Reading weekly city newspapers with their restaurant reviews and blurbs about movies, music, and books is one of my favorite leisure activities. What I really like best is reading the long and short restaurant reviews that are split up into neighborhoods. It helps me keep track of my city and what’s new and what has changed. A lot has really changed recently and I live in the country now but it is still interesting to me to see where I could go eat if I still lived in the city. I always check out the neighborhoods I lived in the most.
If I lived in the city still I would want to live in the last neighborhood I lived in which is the Scandinavian center. I am Scandinavian and though I grew up in rural areas in the Midwest, I still feel the most at home in that part of the city with it’s mix of ages and shops that sell Lutefisk and European chocolates. I have occasionally used the weeklies to pick a restaurant from their reviews and I wasn’t disappointed. Another thing I keep up on in the weekly newspapers is the list of readings and author appearances. I used to go to my favorite city bookstore to see free readings whenever I could.

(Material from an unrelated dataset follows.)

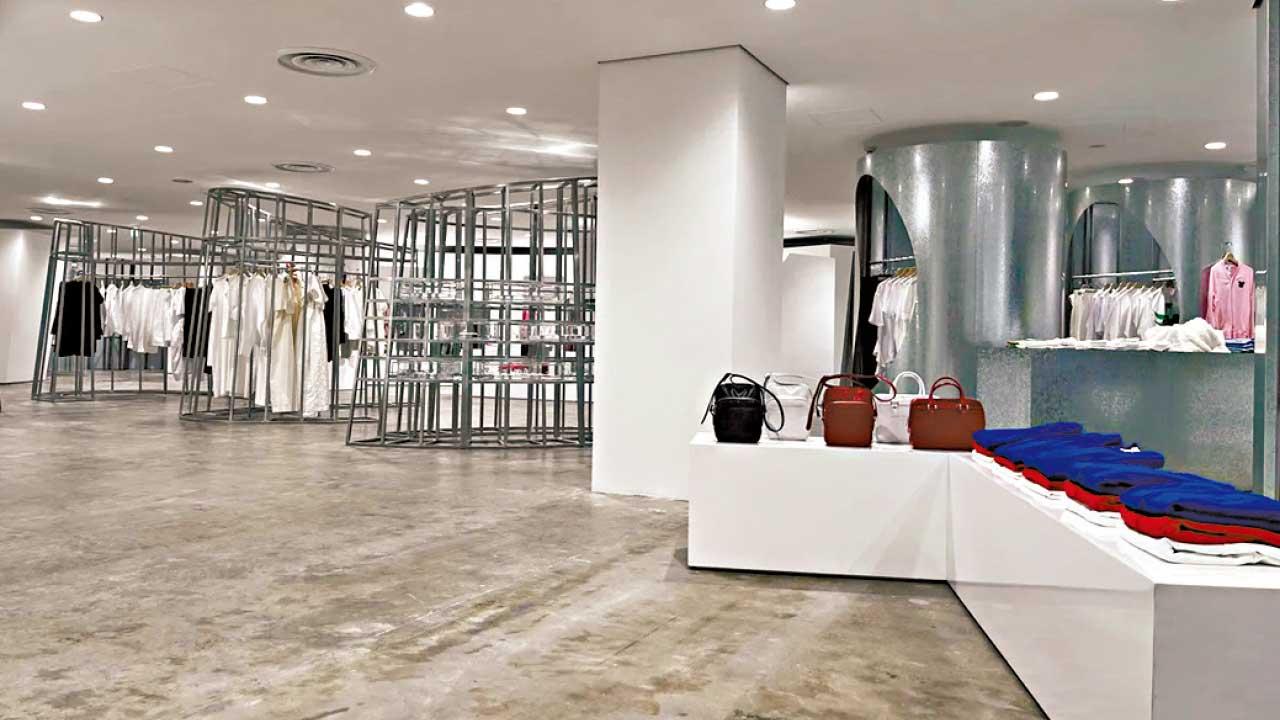 Comme des Garçons 南青山店擴建二樓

The newspapers also review a book now and then and I always read the book reviews too. I used to actually use those book reviews to see if I might buy something new at my favorite bookstores in the city. The economy has been in a slump of late so unfortunately this landmark bookstore I mentioned may be moving or going out of business. I wish that I could go support them by buying books but with where I live it’s not possible anymore. They gave me a lot of good memories of some of my favorite authors.

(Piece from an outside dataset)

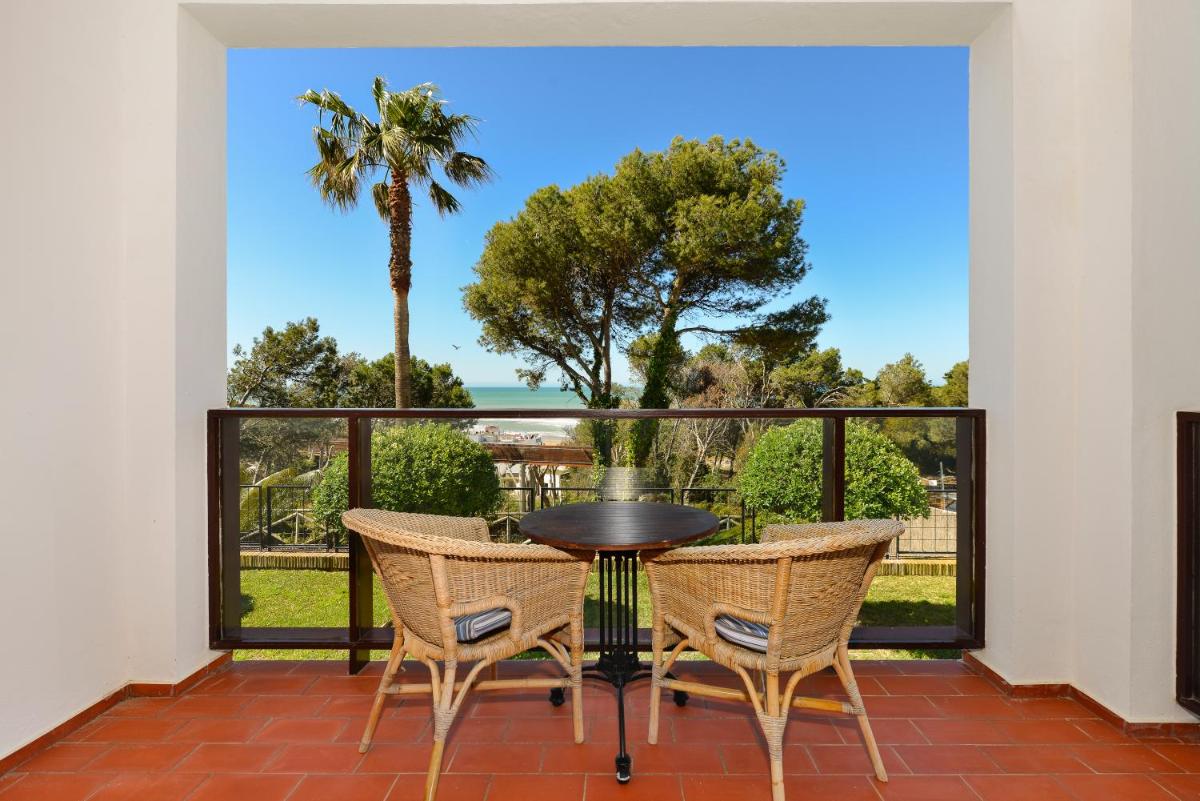 Un balcón o terraza de Hotel Fuerte Conil-Resort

I read a lot and I have tried to review a book or two myself in the past. My Mom used to make me do that with the books I read when I was a kid. I didn’t enjoy it as much as reading, but she thought it would be good for me as a writer. It fell apart kind of fast because it wasn’t really comfortable for me. Even though a lot of it is personal opinion I am still glad that folks out there do review books and publish those reviews in the free weeklies.